Problem:
The required result is an exact copy of the lines beginning at the line that contains "3 antique cast" and ending at the last line of the material below.
*** Given entries Section Begins ***
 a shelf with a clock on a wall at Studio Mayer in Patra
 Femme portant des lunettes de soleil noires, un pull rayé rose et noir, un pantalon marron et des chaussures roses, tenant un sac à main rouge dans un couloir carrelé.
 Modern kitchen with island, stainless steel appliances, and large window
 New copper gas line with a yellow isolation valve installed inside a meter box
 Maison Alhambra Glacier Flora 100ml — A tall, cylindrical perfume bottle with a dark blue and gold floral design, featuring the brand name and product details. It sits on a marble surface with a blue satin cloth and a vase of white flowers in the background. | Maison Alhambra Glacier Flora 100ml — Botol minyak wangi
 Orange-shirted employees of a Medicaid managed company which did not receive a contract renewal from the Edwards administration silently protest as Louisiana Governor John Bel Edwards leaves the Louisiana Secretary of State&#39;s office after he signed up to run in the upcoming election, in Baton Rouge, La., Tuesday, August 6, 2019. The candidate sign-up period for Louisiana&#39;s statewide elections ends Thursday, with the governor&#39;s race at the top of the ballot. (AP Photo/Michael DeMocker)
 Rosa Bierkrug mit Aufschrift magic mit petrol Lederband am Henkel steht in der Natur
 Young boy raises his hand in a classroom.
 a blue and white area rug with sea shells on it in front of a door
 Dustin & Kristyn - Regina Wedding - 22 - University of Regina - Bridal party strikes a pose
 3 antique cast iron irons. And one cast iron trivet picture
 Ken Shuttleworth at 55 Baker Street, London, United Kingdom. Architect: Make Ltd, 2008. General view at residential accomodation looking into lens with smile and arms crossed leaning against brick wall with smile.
*** Given entries Section Ends ***
Reply to the exercise:
 3 antique cast iron irons. And one cast iron trivet picture
 Ken Shuttleworth at 55 Baker Street, London, United Kingdom. Architect: Make Ltd, 2008. General view at residential accomodation looking into lens with smile and arms crossed leaning against brick wall with smile.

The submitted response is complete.